All that should come back is the lines of the data below from the one containing "Hikers standing at" to the one containing "White plate with", inclusive, exactly as they stand.

DATA RECORDS —
--

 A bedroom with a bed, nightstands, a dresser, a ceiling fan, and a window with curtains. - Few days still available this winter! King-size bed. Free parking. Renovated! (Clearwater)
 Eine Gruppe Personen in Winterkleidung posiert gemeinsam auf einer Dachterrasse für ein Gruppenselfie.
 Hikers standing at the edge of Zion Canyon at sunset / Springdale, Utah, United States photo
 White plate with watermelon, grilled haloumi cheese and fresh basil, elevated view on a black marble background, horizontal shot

--

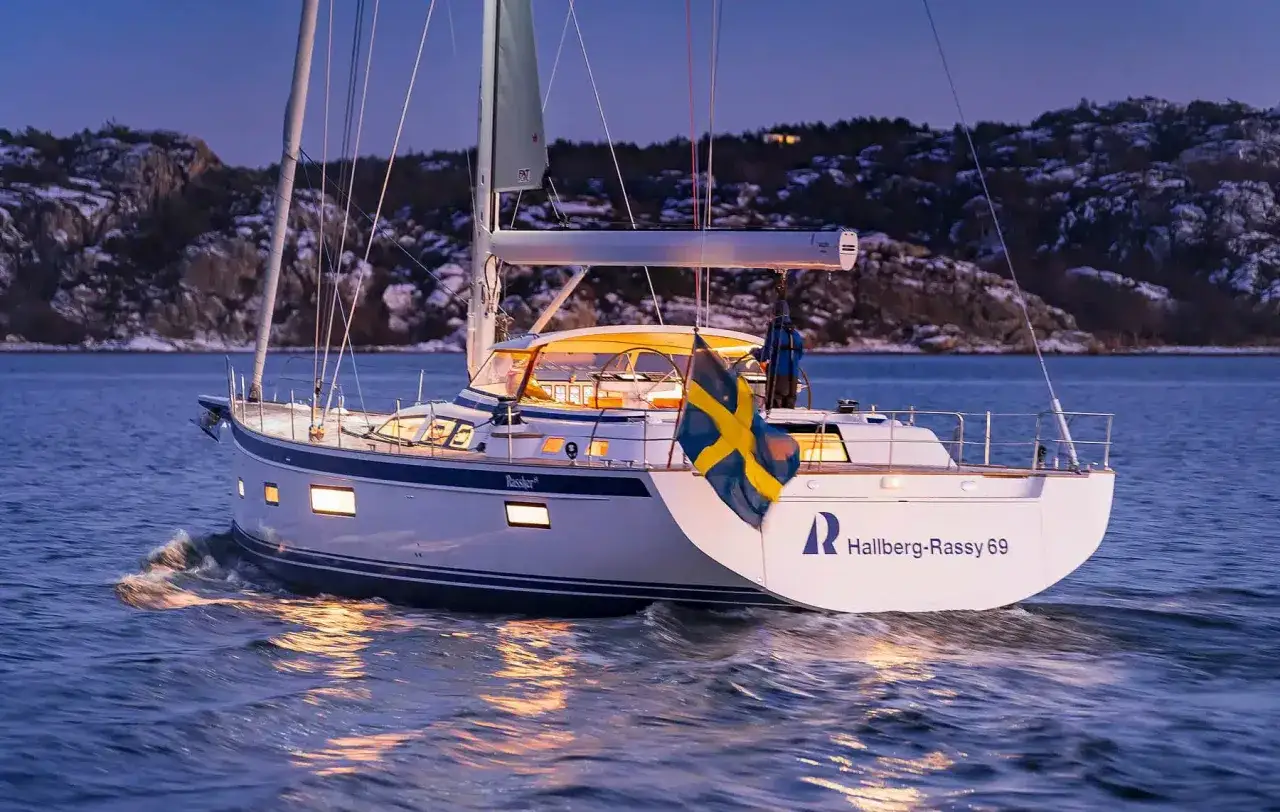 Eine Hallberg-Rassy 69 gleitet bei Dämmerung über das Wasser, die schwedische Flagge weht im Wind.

--

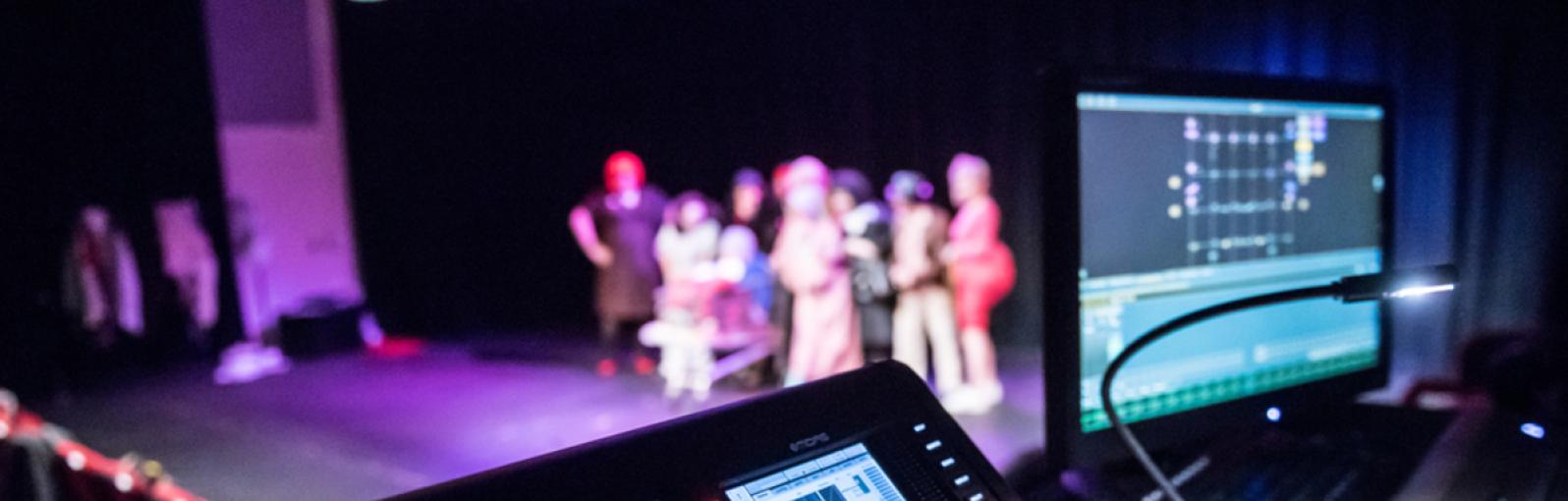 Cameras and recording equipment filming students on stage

--

WORKED SOLUTION —
 Hikers standing at the edge of Zion Canyon at sunset / Springdale, Utah, United States photo
 White plate with watermelon, grilled haloumi cheese and fresh basil, elevated view on a black marble background, horizontal shot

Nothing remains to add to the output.